Stored data Start Marker

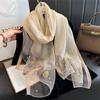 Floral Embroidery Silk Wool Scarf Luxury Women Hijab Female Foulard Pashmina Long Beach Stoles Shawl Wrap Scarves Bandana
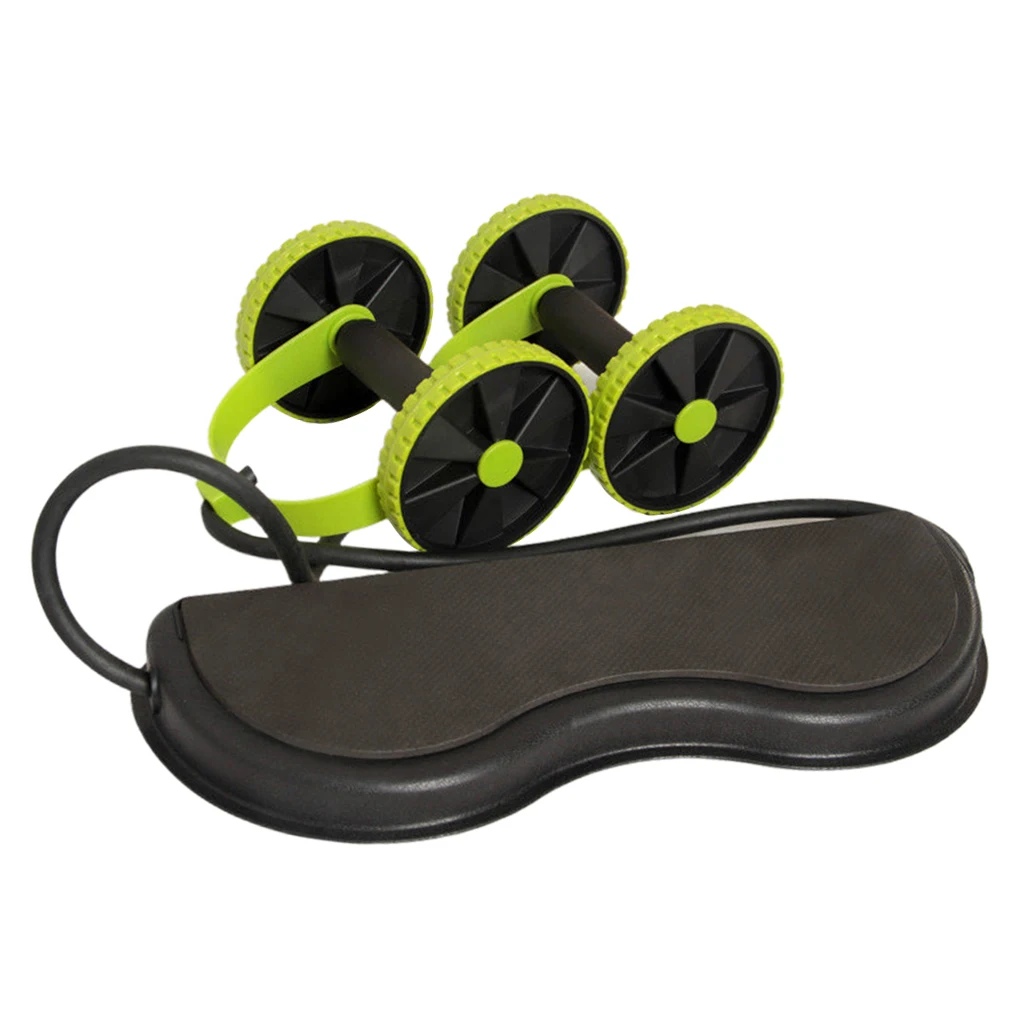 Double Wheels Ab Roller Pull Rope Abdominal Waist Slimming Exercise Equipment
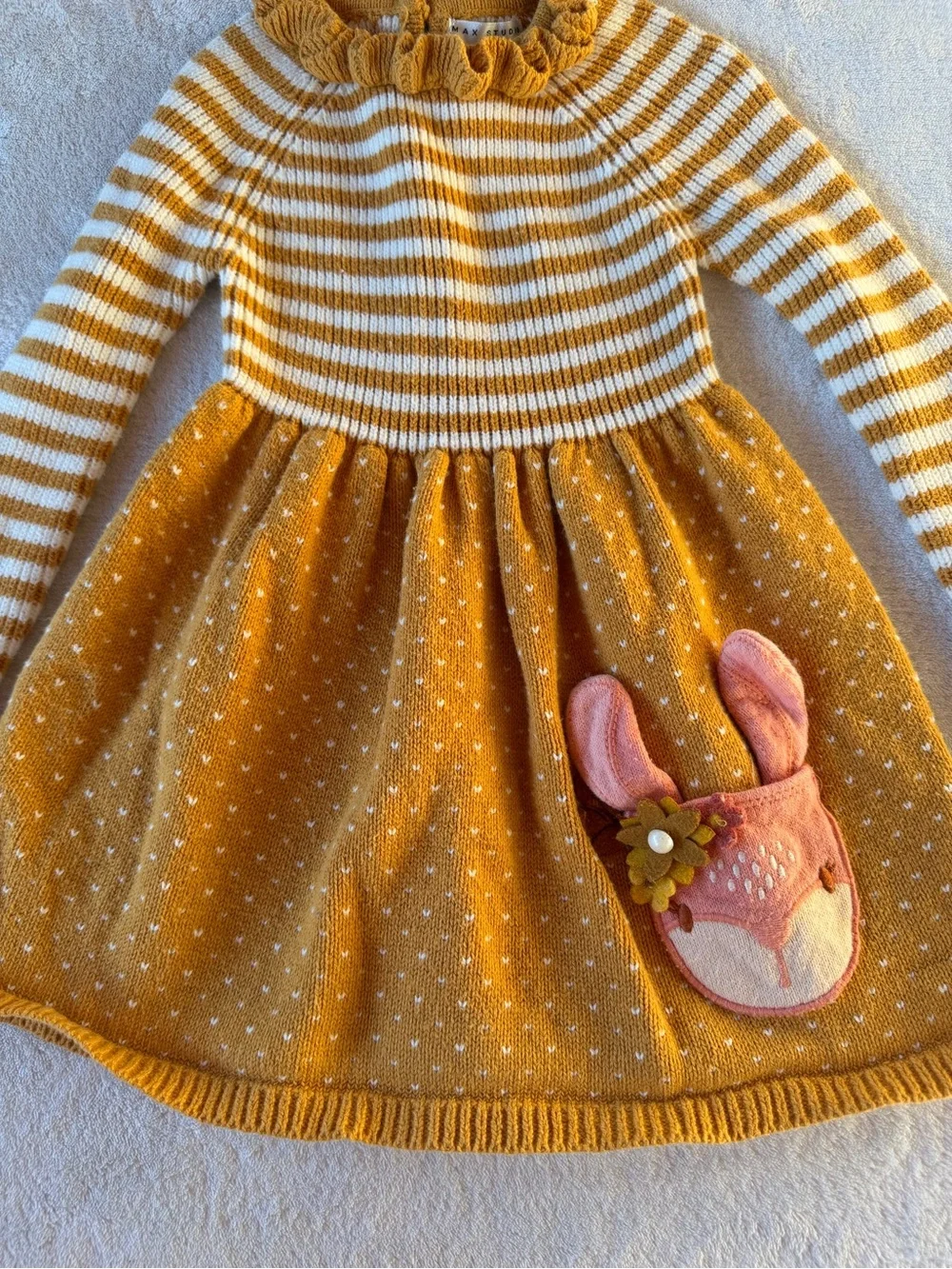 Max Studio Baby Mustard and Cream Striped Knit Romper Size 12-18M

Stored data End Marker
Stored data Start Marker

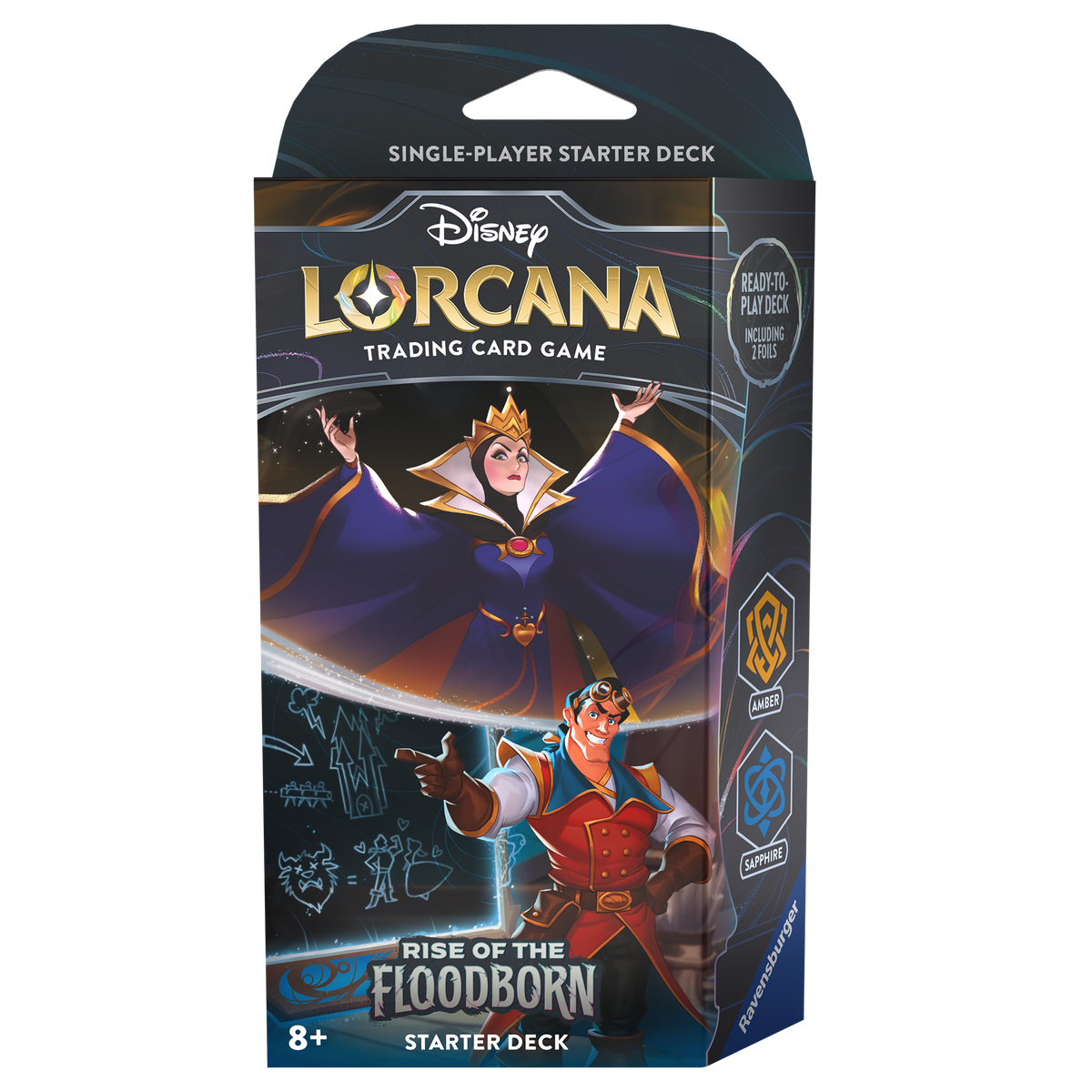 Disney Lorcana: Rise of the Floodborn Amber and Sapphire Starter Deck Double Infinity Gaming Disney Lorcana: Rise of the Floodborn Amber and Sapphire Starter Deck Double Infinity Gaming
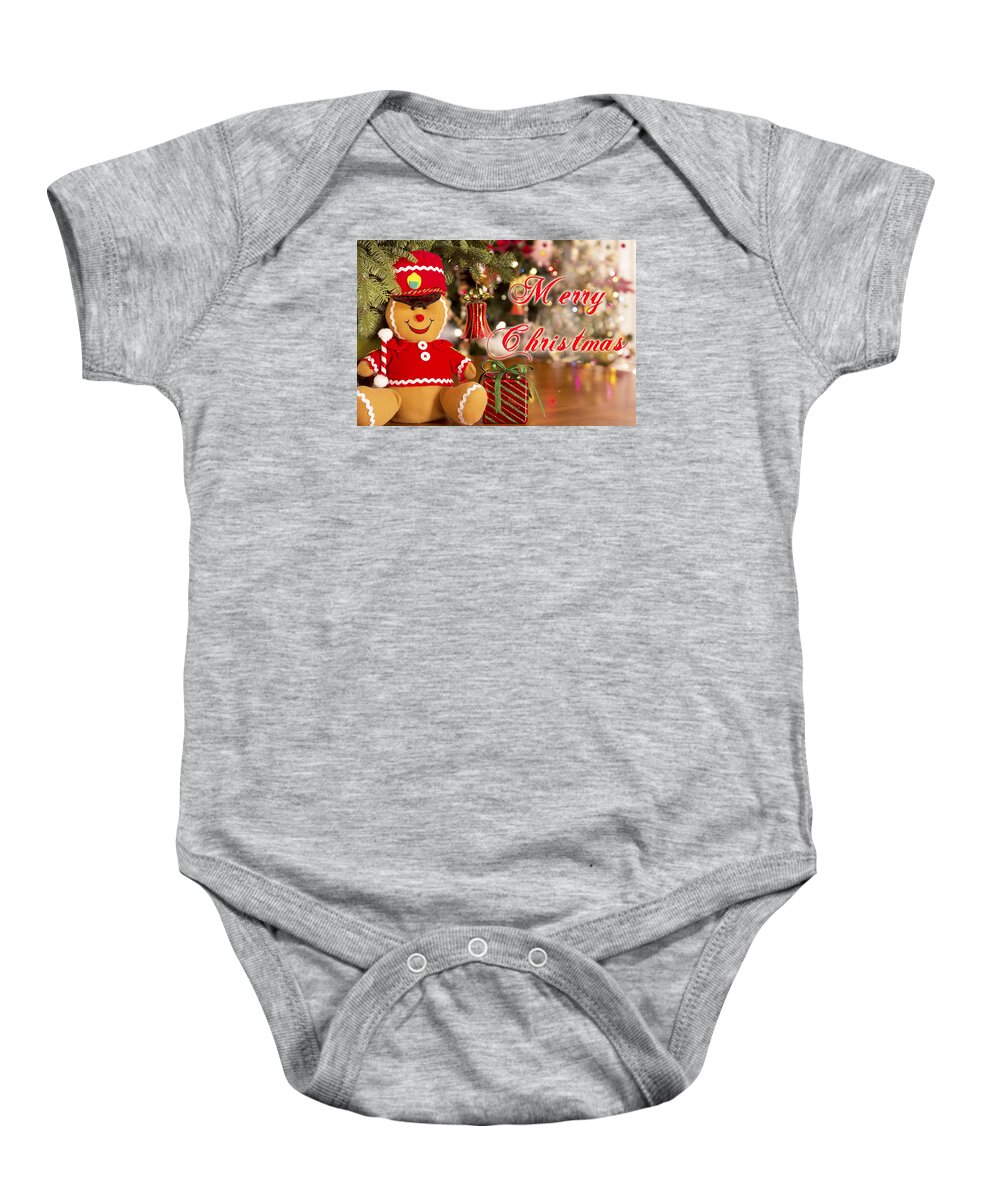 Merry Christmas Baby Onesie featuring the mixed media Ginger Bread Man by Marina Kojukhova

Stored data End Marker
Stored data Start Marker

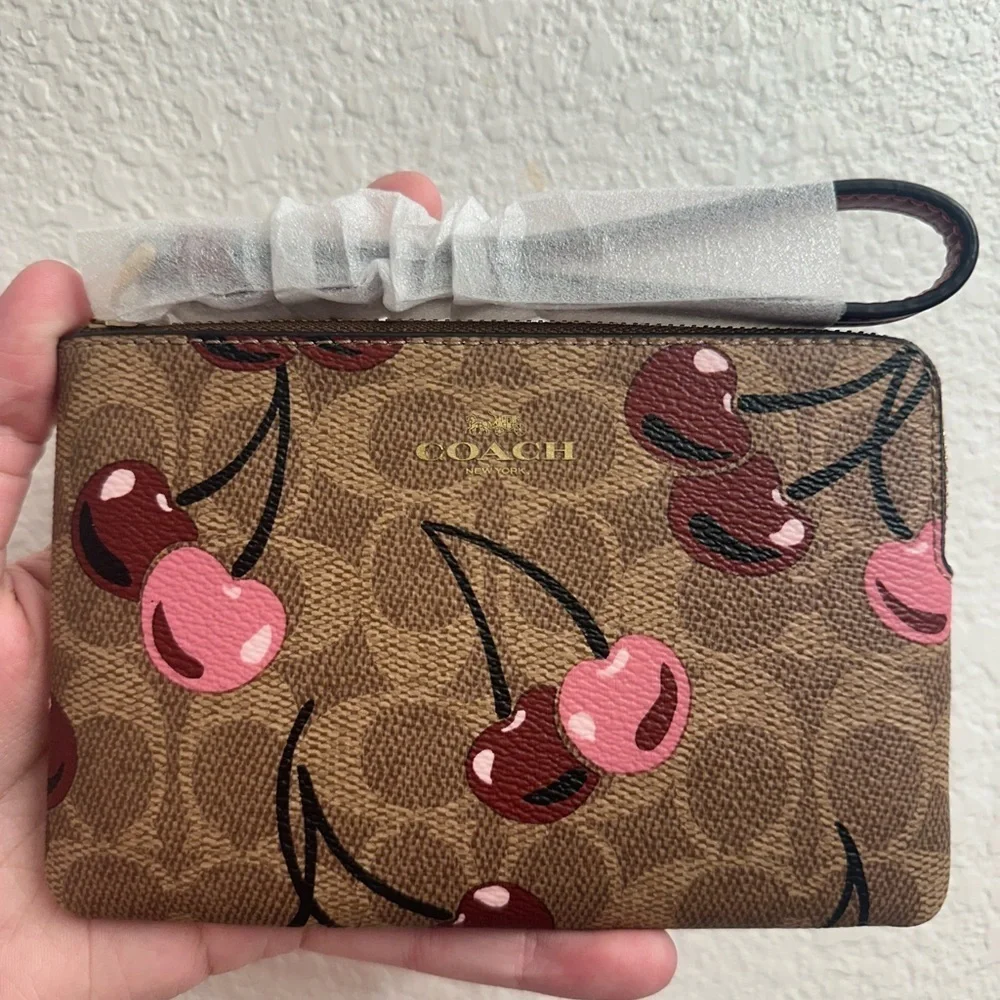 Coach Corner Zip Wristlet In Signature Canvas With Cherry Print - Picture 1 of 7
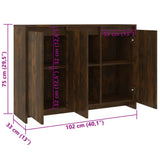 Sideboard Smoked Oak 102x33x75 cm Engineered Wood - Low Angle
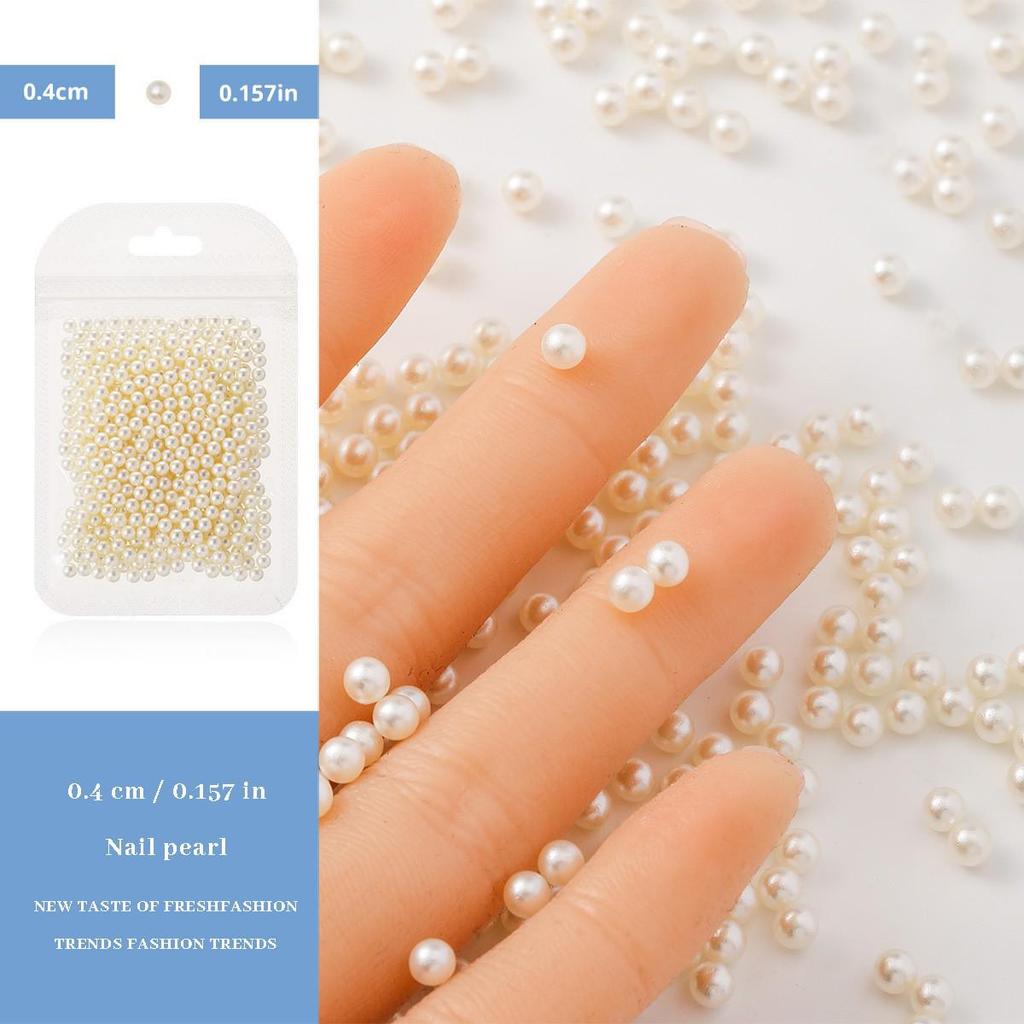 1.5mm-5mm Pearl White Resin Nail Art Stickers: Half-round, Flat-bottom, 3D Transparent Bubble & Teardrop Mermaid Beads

Stored data End Marker

▸ **Work to complete**
Reproduce exactly the lines of the data above that run from the line with "Sideboard Smoked Oak" down to the line with "1.5mm-5mm Pearl White", both ends included. Pictures do not belong in the copy.

▸ **Task output**
 Sideboard Smoked Oak 102x33x75 cm Engineered Wood - Low Angle
 1.5mm-5mm Pearl White Resin Nail Art Stickers: Half-round, Flat-bottom, 3D Transparent Bubble & Teardrop Mermaid Beads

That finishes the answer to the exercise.